In economics, information infrastructure, IT, and so forth are non-exclusive, and Teng et al. (2006) believe that this non-exclusivity is the fundamental reason for the occurrence of spillover. Furthermore, Joppe and Li (2016) argue that the spillover effects of IT indirectly promote the development of the tourism industry in neighboring regions through the complementary advantages of the tourism industry in the region. Sun (2016) believes that informatization has promoted the process of tourism growth in terms of tourism destination information acquisition, tourism decision-making, tourism transaction implementation, and tourism experience sharing. Jayaraman and Makun (2020) propose that the development of information and communication technologies has reshaped the mechanism through which tourism operates, leading to changes in the dynamics of tourism growth. Ramos and Rodrigues (2013) suggest that the popularity of the internet has led to an increase in tourists’ pursuit of new demands for tourism products and services.

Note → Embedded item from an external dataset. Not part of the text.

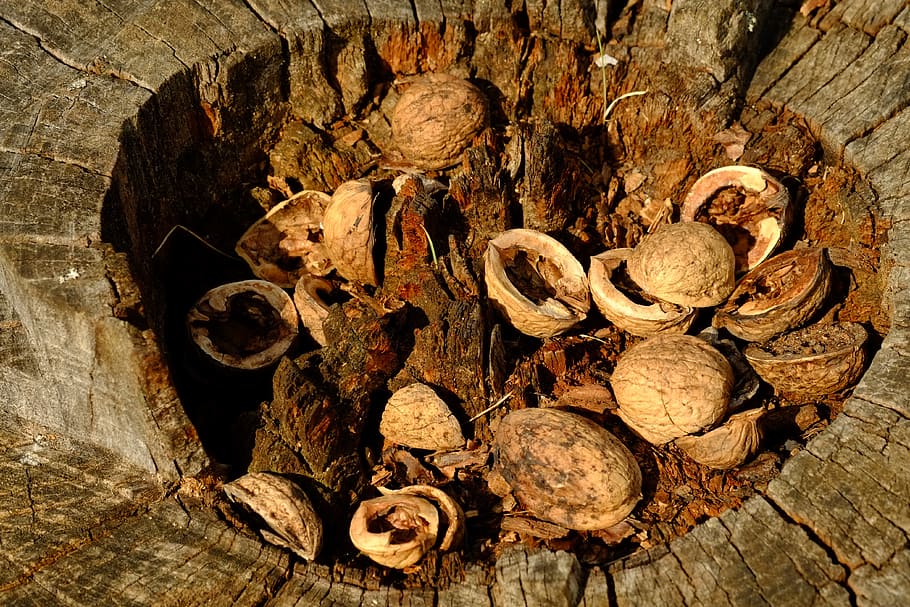 nusschalen, tree, nuts, nut, shell, nature, walnut, tree nut, food, walnuts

Álvarez-Ayuso et al. (2016) report that the spillover effects of transportation infrastructure are positive for developed regions and negative for less developed ones. Transportation infrastructure (Tian et al., 2022), high-speed railroads (Tian et al., 2022), and highway traffic development (Guo et al., 2021) have positive spatial spillover effects on the tourism economy of Chinese cities. Yang and Wong (2012) propose that infrastructure facilities have differences in attraction to tourists from different countries and generate spatial spillover effects on the tourism economy through tourism flows. Yang and Fik (2014) find that the total effect of hotel infrastructure is estimated to be 1.063 and that hotel infrastructure has a positive spatial spillover on inbound tourists, while the opposite is true for domestic tourists. K. Wang et al. (2016) report a significant spatial competition effect for service facilities in the pan-Yangtze River Delta and, therefore, a negative spatial spillover to the tourism economy.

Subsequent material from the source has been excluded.